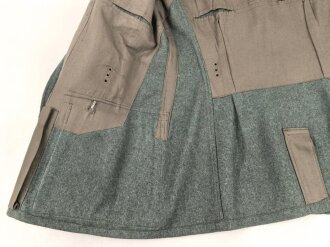 Feldbluse Modell 1936 für einen Angehörigen des Heeres. Ungetragenes Kammerstück von 1939, Brustadler und Kragenspiegel original vernäht, Im Bereich der linken Brust einige kleine Löcher , sonst einwandfrei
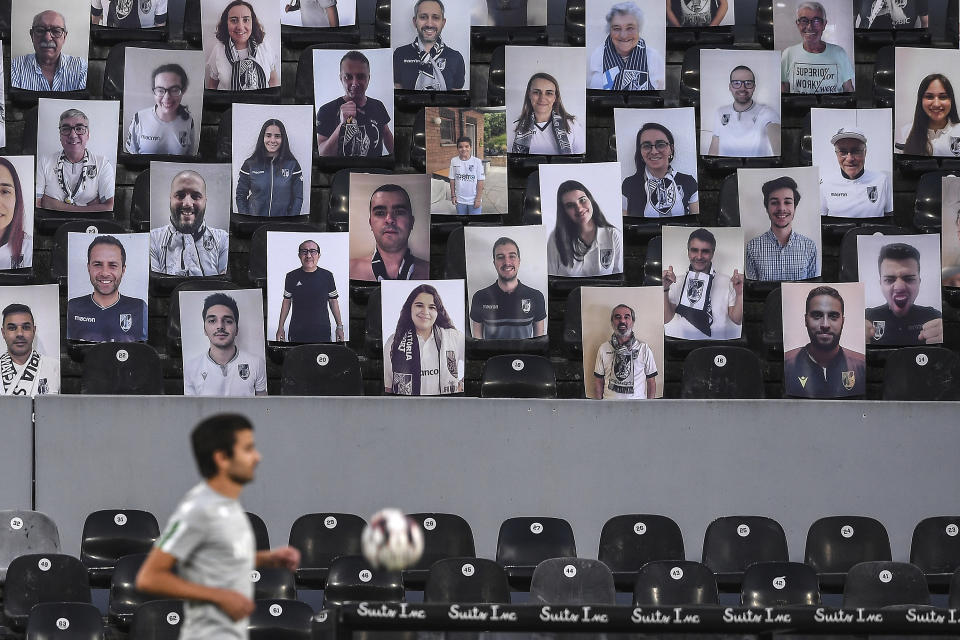 Photos of Vitoria supporters are placed on the empty stands prior to the Portuguese League soccer match between Vitoria SC and Sporting CP in Guimaraes, Portugal, Thursday, June 4, 2020. The Portuguese League soccer matches resumed Wednesday without spectators because of the coronavirus pandemic. (Hugo Delgado/Pool via AP)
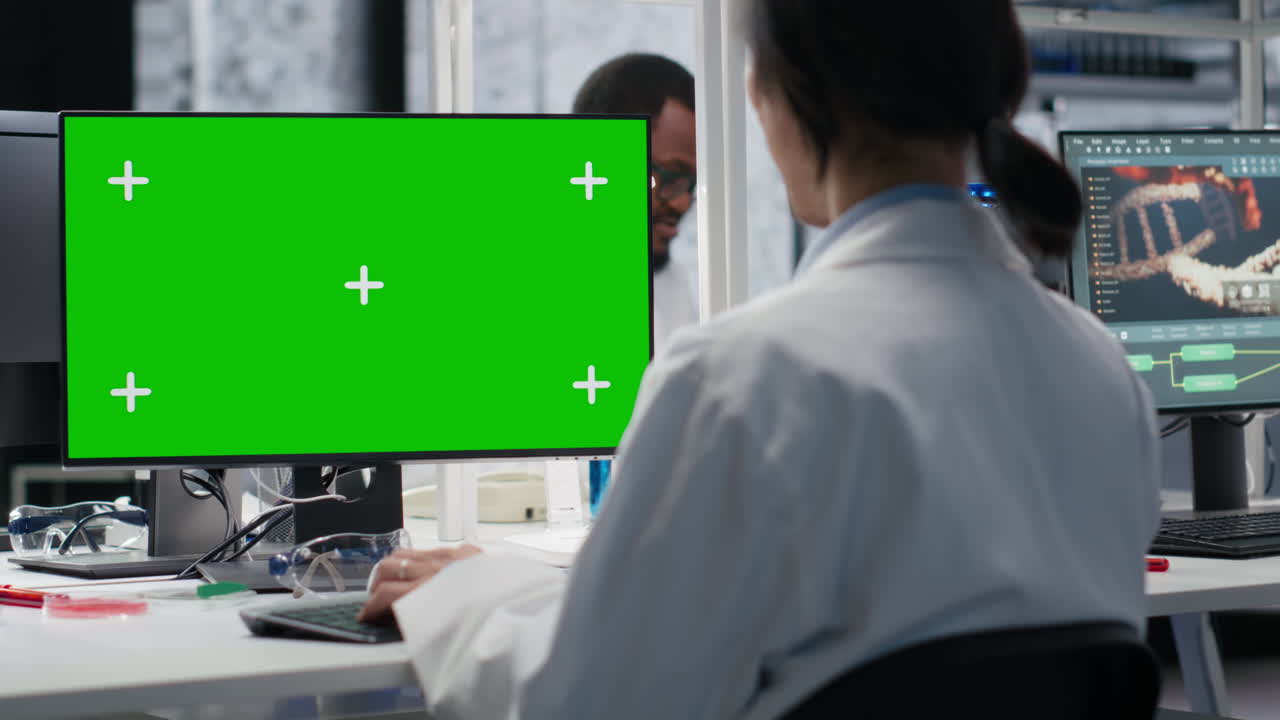 Senior Researcher Working On Isolated Screen Pc In Lab, Studying Genomics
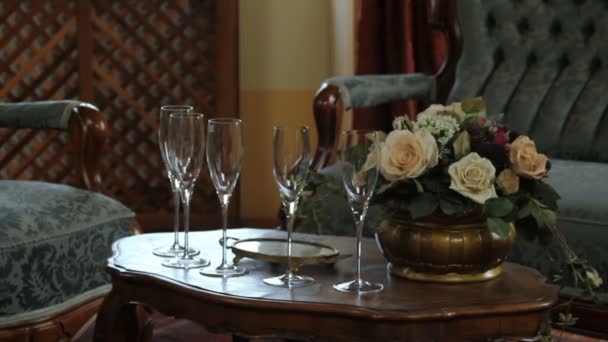 Primer plano de una mesa a la antigua en un restaurante con un ramo y glasos para champán
 - Imágenes, Vídeo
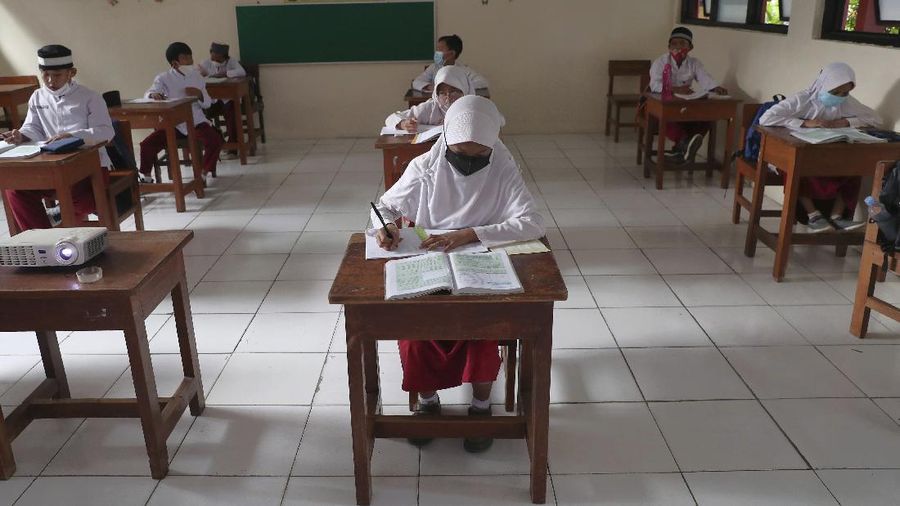 A student wearing a face mask sits spaced apart during a trial run of a class with COVID-19 protocols at an elementary school in Jakarta, Indonesia, Friday, June 4, 2021. The world's fourth-most populous country, with about 275 million people, has reported more coronavirus cases than any other Southeast Asian country. (AP Photo/Tatan Syuflana)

.....

**EXERCISE PROMPT**
Return word for word the lines of the listing above, starting at the line with "Primer plano de" and ending at the line with "- Imágenes, Vídeo", both included. Pictures do not belong in the copy.

**YOUR RESPONSE**
 Primer plano de una mesa a la antigua en un restaurante con un ramo y glasos para champán
 - Imágenes, Vídeo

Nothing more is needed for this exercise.